■ **WHAT IS EXPECTED**: The copy you give must match the lines from the top of the data through the line containing "Binary Polar Liquids" exactly, and it must hold no pictures.

(Beginning of INFORMATION PROVIDED)

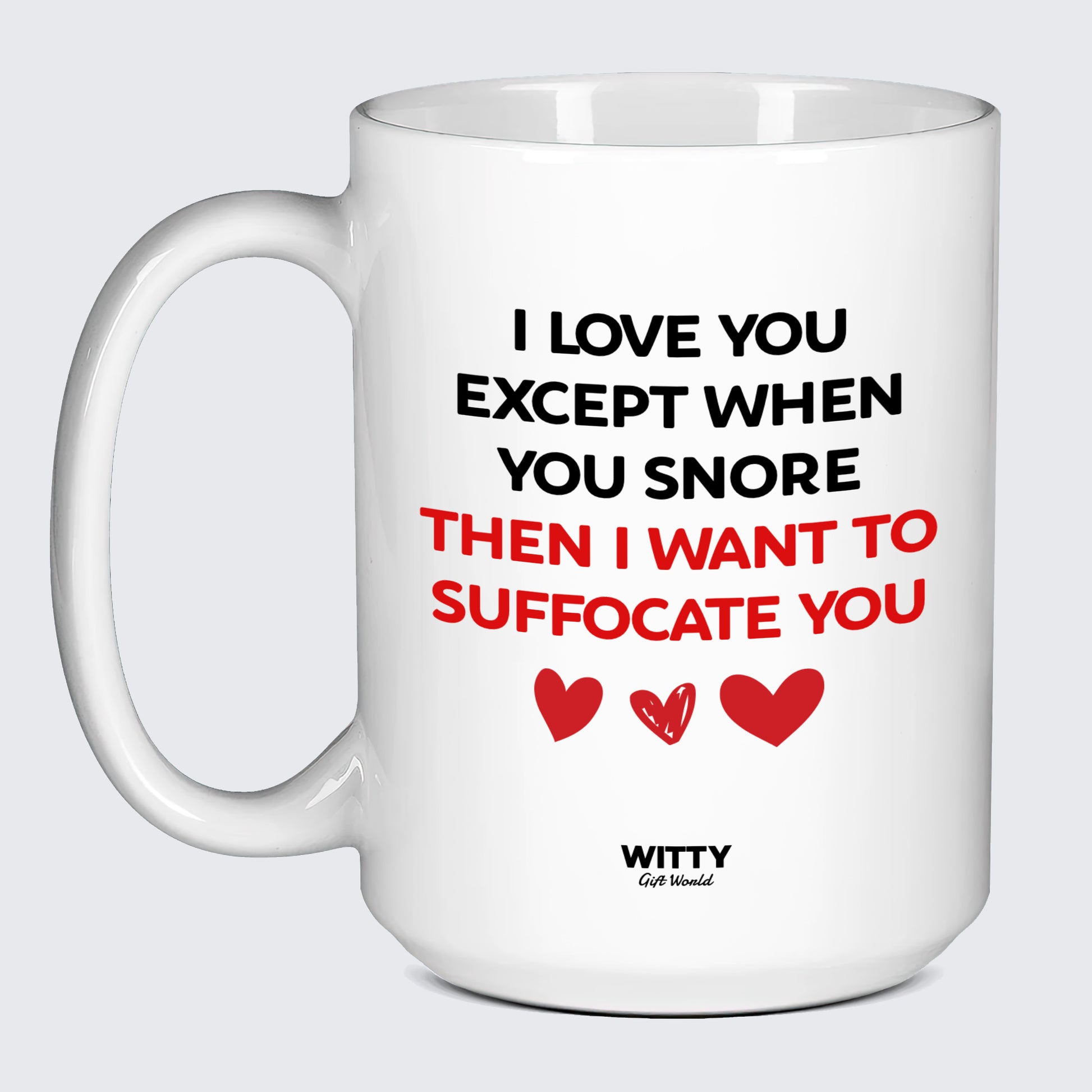 Anniversary Gifts for Her I Love You Except When You Snore (Then I Want to Suffocate You) - Witty Gift World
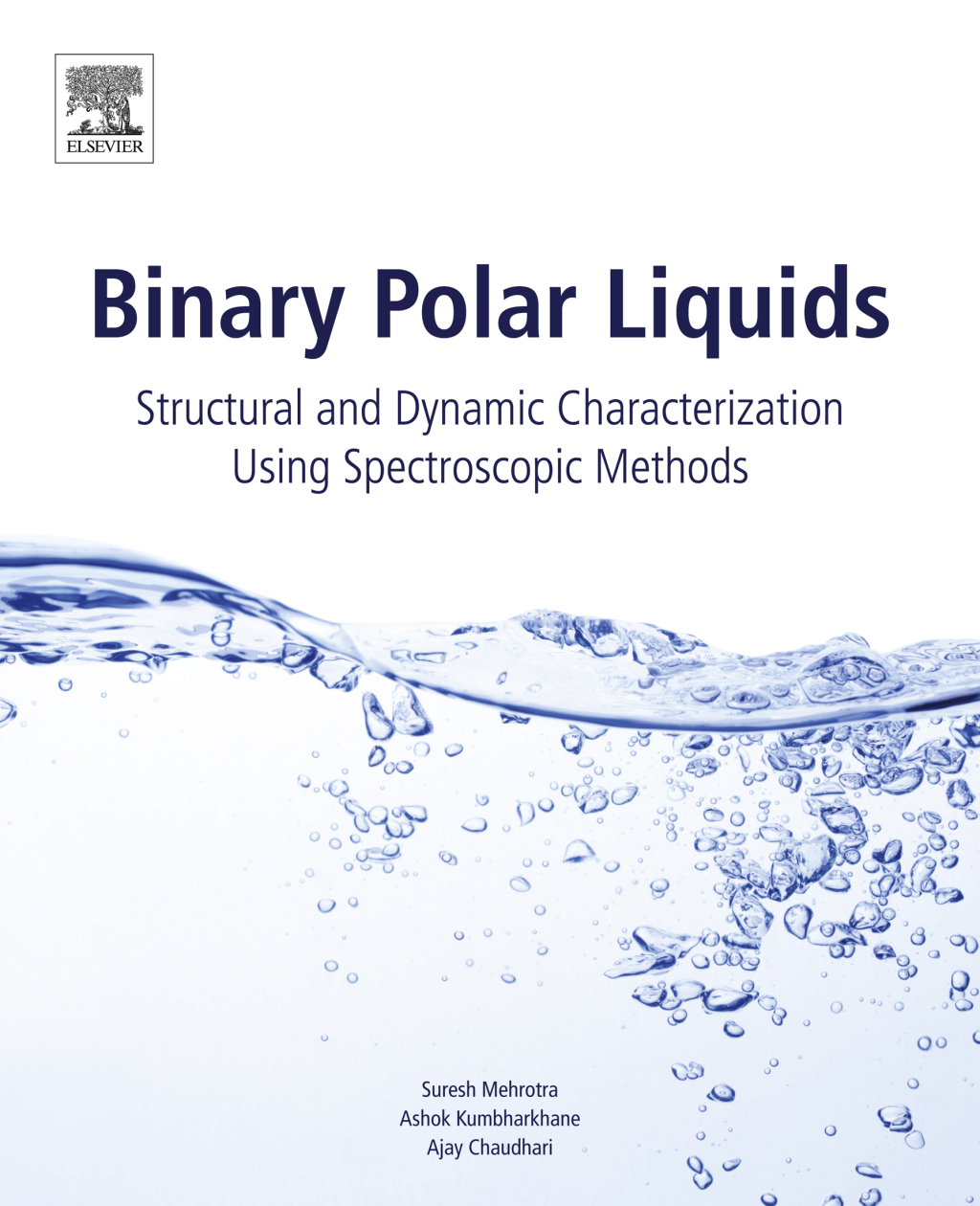 Binary Polar Liquids Structural and Dynamic Characterization Using Spectroscopic Methods â€“ PDF/EPUB Version Downloadable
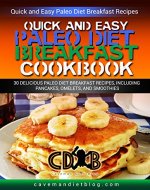 Quick Easy Paleo Diet Breakfast Cookbook: The 30 BEST Real Food Breakfast Recipes (Paleo Beginners Cookbook, Recipes for Weight Loss, Gluten Free Recipe Book) - Book Cover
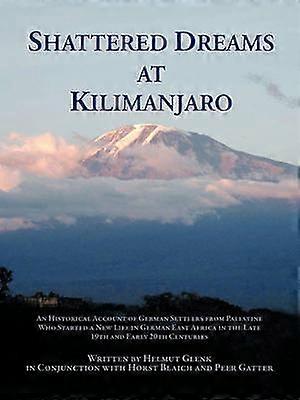 Shattered Dreams At Kilimanjaro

(End of INFORMATION PROVIDED)

■ **WRITTEN RESPONSE**:
 Anniversary Gifts for Her I Love You Except When You Snore (Then I Want to Suffocate You) - Witty Gift World
 Binary Polar Liquids Structural and Dynamic Characterization Using Spectroscopic Methods â€“ PDF/EPUB Version Downloadable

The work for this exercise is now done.